In the R example, I am failing to read a CSV file with the above error.
sc = sparkR.init()
sqlContext = sparkRSQL(sc)
sample = read.df(sqlContext, "sample.csv", "com.databricks.spark.csv", header="true")
I get a runtime exception on the lookup of the datasource.
I notice that when starting spark from the command line, I have to specify packages, but it seems there isn't a way to do so when invoking it from sparkR.init, or that it's not documented.
same to me. i try to setup the SPARKR_SUBMIT_ARGS env before sparkR.init
> Sys.setenv('SPARKR_SUBMIT_ARGS'='--packages com.databricks:spark-csv_2.10:1.0.3')
> library(SparkR, lib='~/spark/R/lib/')
> sc <- sparkR.init(master="local", sparkHome='/Users/13k/spark')
Launching java with spark-submit command /Users/13k/spark/bin/spark-submit --packages com.databricks:spark-csv_2.10:1.0.3 /var/folders/sd/2_0mf8p100v7dl3p_2cs5m_80000gn/T//RtmpXveJ0G/backend_portbbee386d2dc9
Error: Cannot load main class from JAR file:/var/folders/sd/2_0mf8p100v7dl3p_2cs5m_80000gn/T/RtmpXveJ0G/backend_portbbee386d2dc9
Run with --help for usage help or --verbose for debug output
Error in sparkR.init(master = "local", sparkHome = "/Users/13k/spark") :
will this be a Permission denied issue? because i need to run load package with root in sparkR shell
and how can i fix it?
This is the right syntax (after hours of trying):
(Note - You've to focus on the first line.
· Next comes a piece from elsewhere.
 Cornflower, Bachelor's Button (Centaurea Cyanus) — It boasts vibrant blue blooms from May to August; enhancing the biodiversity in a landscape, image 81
Notice to double-quotes)
Sys.setenv('SPARKR_SUBMIT_ARGS'='"--packages" "com.databricks:spark-csv_2.10:1.0.3" "sparkr-shell"')
# Initialize SparkContext and SQLContext
sc <- sparkR.init(appName="SparkR-Flights-example")
sqlContext <- sparkRSQL.init(sc)
# The SparkSQL context should already be created for you as sqlContext
# Java ref type org.apache.spark.sql.SQLContext id 1
# Load the flights CSV file using `read.df`. Note that we use the CSV reader Spark package here.
flights <- read.df(sqlContext, "nycflights13.csv", "com.databricks.spark.csv", header="true")